What the exercise asks: Render every line of the data exactly as written, and leave out the pictures.

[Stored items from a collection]
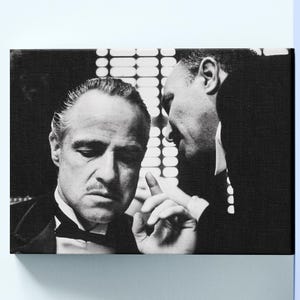 Vintage Don Vito Corleone Canvas, Legend Character Wall Art, Dark Effect Print, Black and White Art, Gangster Wall Decor, God Father Art
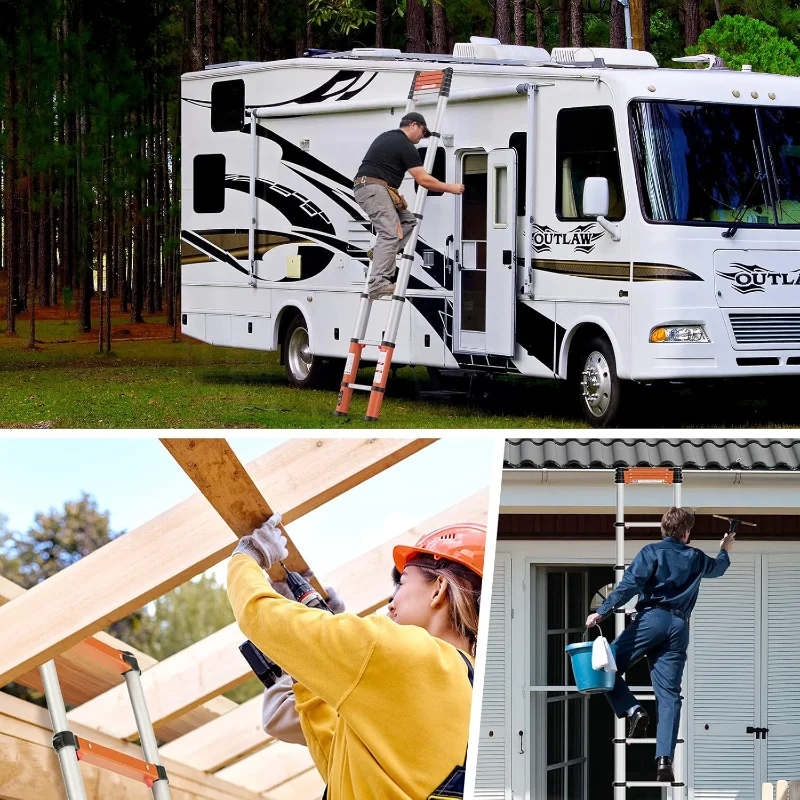 LUISLADDERS Telescoping Ladder Multi-Use Telescopic Extension Ladder One-Button Retraction Anti-Pinch and Anti-Slip 330 Lb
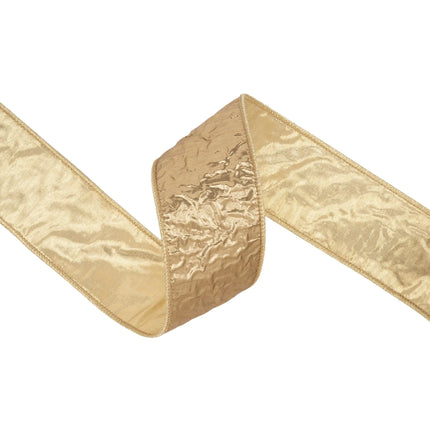 2 1/2"  wired ribbon, embossed gold metallic weave with polished metallic backing for upscale styling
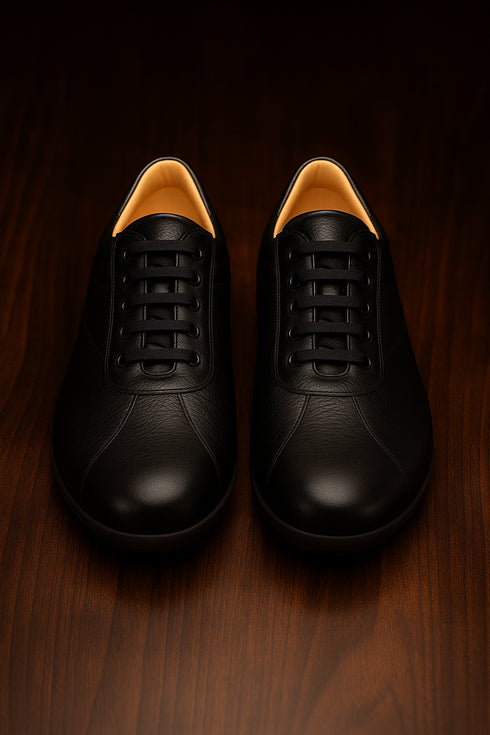 Mens Mezlan Luka Calf & Deerskin Sneaker in Black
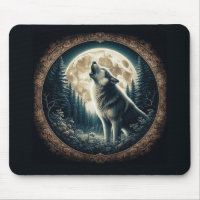 Classic, vintage wolf & moon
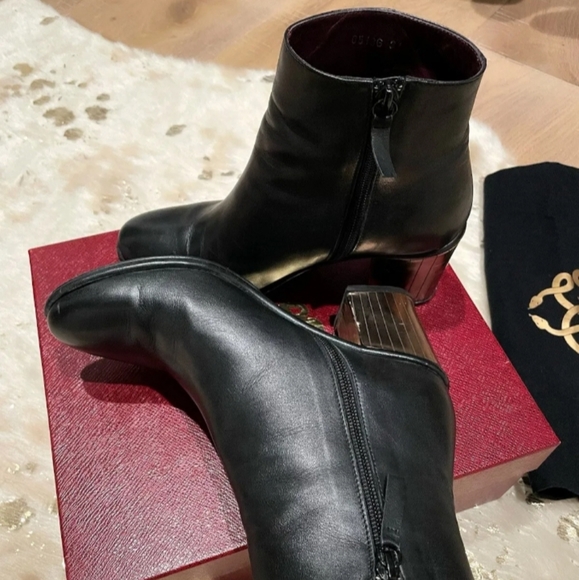 🥳3xHP🥳 Opening Ceremony Women's Black Leather side Zip Boots Sz.37 - Picture 5 of 13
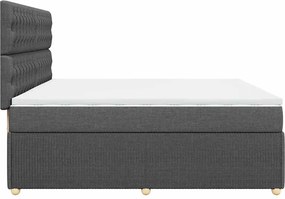vidaXL Κρεβάτι Boxspring με Στρώμα Σκούρο Γκρι 200x200 εκ. Υφασμάτινο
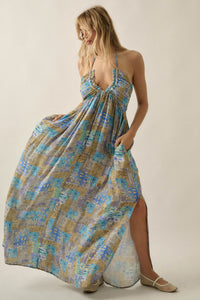Mosaic Muse Abstract-Print Tie-Back Halter Maxi Dress - ShopPromesa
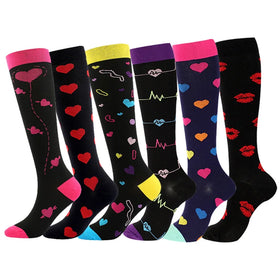 Valentine's Day Series Men's Women's Calf-Length Compression Socks Black Red Love Stripe Pattern Crew for Spring Sports Running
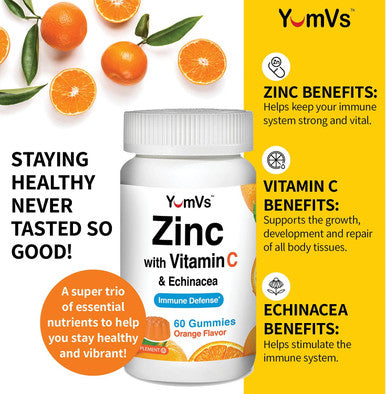 Zinc Vitamin C And Echinacea Gummies For Adults And Kids By Yumvs Chewable Gummy - Vegetarian, Halal, Kosher Orange Flavor - 60 Count
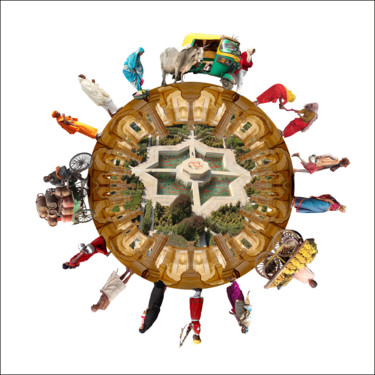 Цифровое искусство под названием "Mandala (India)" - Jeff Key, Подлинное произведение искусства, Фотомонтаж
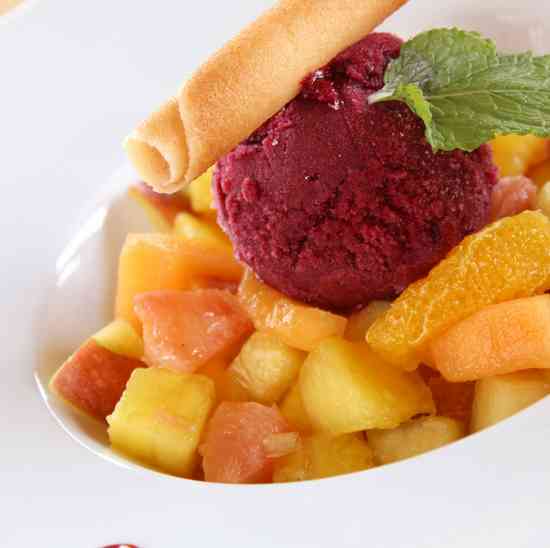 salade de fruit sorbet cassis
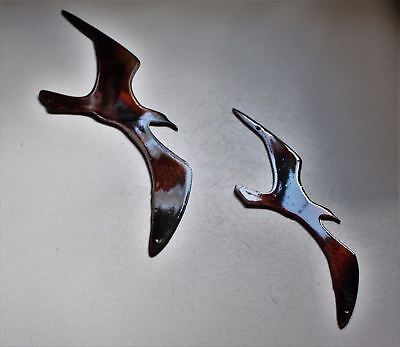 Two Birds Flying Metal Wall Art Accents copper/bronze 5 1/2" x 7" & 4" x 5"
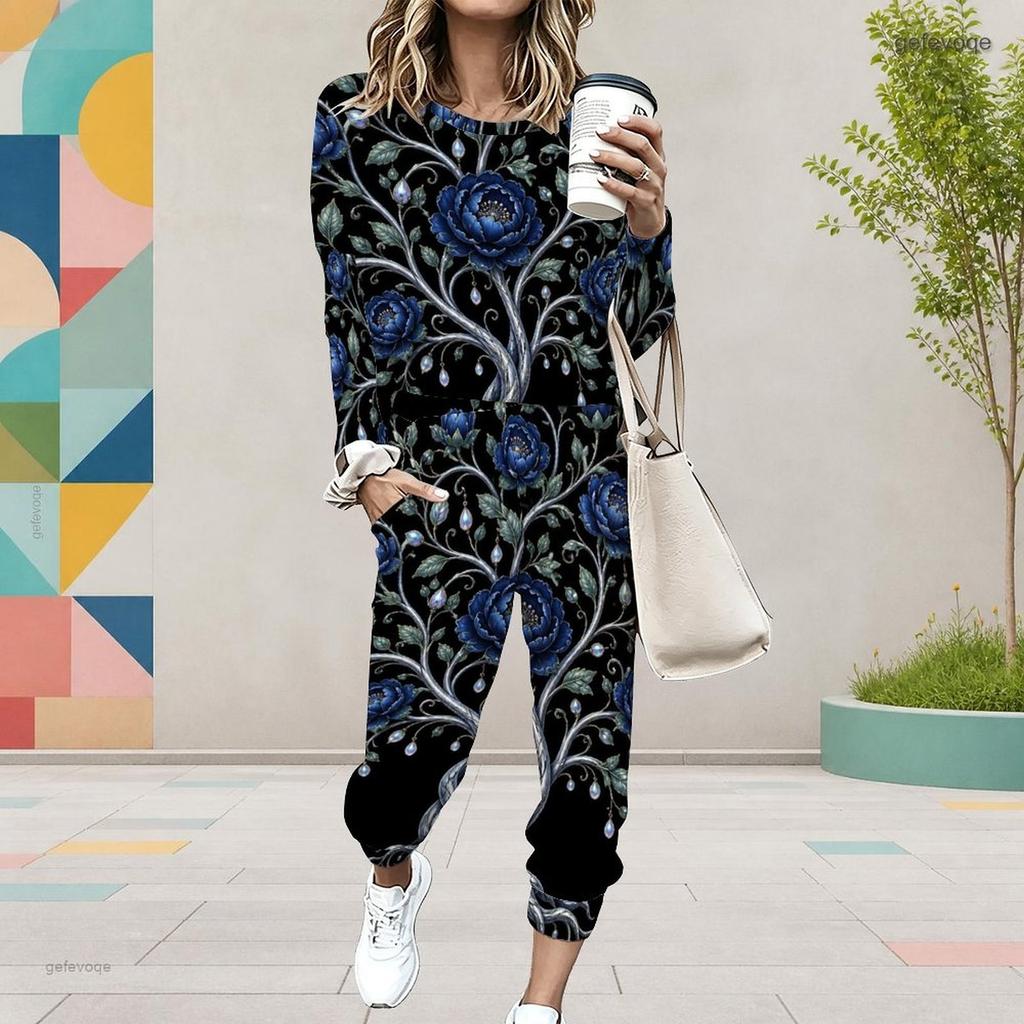 Women Plus Size Round Neck Long Sleeve Black Printed Two Piece Set Cuffed Top And Pants With Pockets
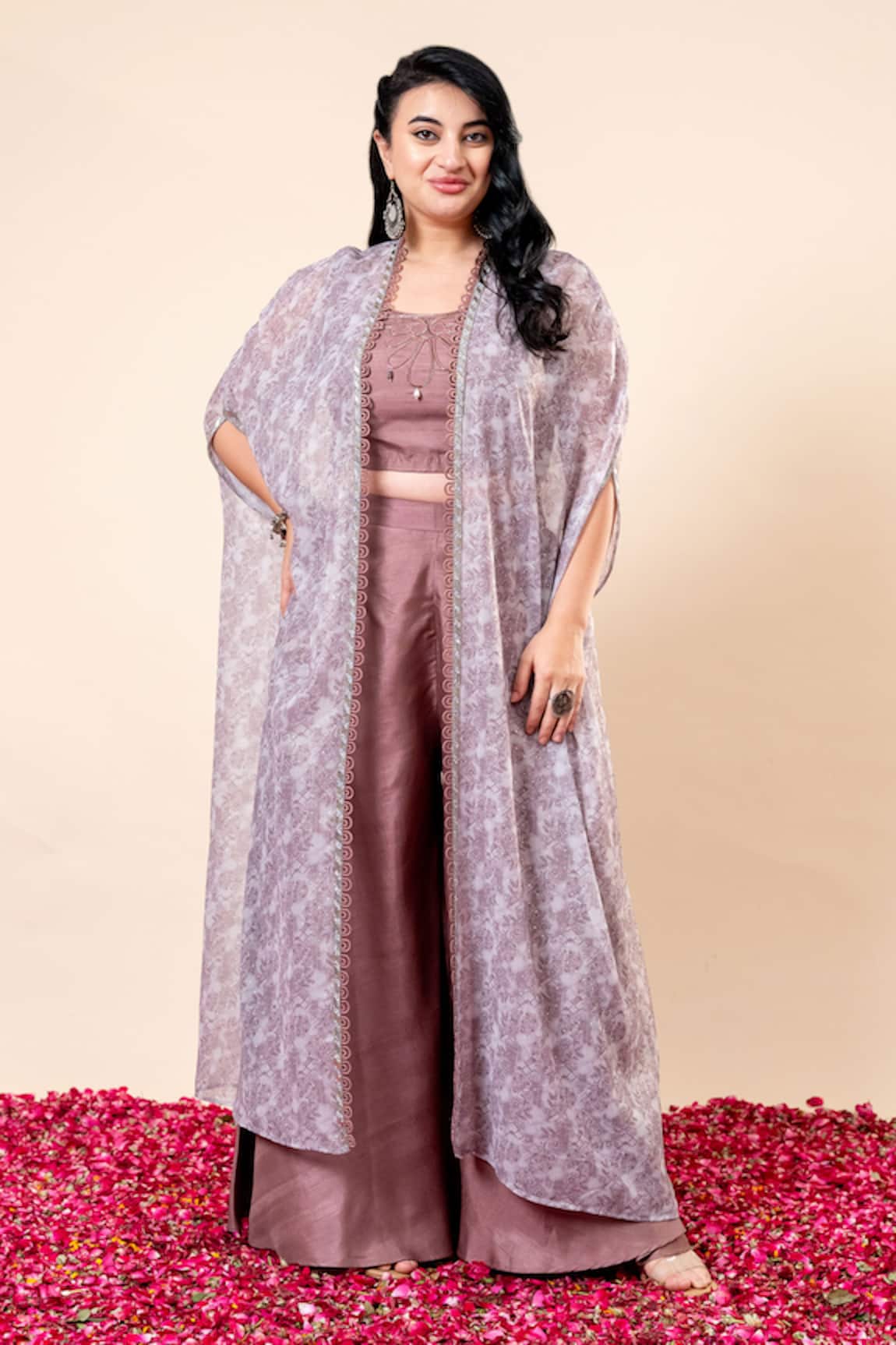 Mamicha Floral Cape Set With Flared Pant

Task solution:
 Vintage Don Vito Corleone Canvas, Legend Character Wall Art, Dark Effect Print, Black and White Art, Gangster Wall Decor, God Father Art
 LUISLADDERS Telescoping Ladder Multi-Use Telescopic Extension Ladder One-Button Retraction Anti-Pinch and Anti-Slip 330 Lb
 2 1/2"  wired ribbon, embossed gold metallic weave with polished metallic backing for upscale styling
 Mens Mezlan Luka Calf & Deerskin Sneaker in Black
 Classic, vintage wolf & moon
 🥳3xHP🥳 Opening Ceremony Women's Black Leather side Zip Boots Sz.37 - Picture 5 of 13
vidaXL Κρεβάτι Boxspring με Στρώμα Σκούρο Γκρι 200x200 εκ. Υφασμάτινο
Mosaic Muse Abstract-Print Tie-Back Halter Maxi Dress - ShopPromesa
 Valentine's Day Series Men's Women's Calf-Length Compression Socks Black Red Love Stripe Pattern Crew for Spring Sports Running
 Zinc Vitamin C And Echinacea Gummies For Adults And Kids By Yumvs Chewable Gummy - Vegetarian, Halal, Kosher Orange Flavor - 60 Count
 Цифровое искусство под названием "Mandala (India)" - Jeff Key, Подлинное произведение искусства, Фотомонтаж
 salade de fruit sorbet cassis
 Two Birds Flying Metal Wall Art Accents copper/bronze 5 1/2" x 7" & 4" x 5"
 Women Plus Size Round Neck Long Sleeve Black Printed Two Piece Set Cuffed Top And Pants With Pockets
 Mamicha Floral Cape Set With Flared Pant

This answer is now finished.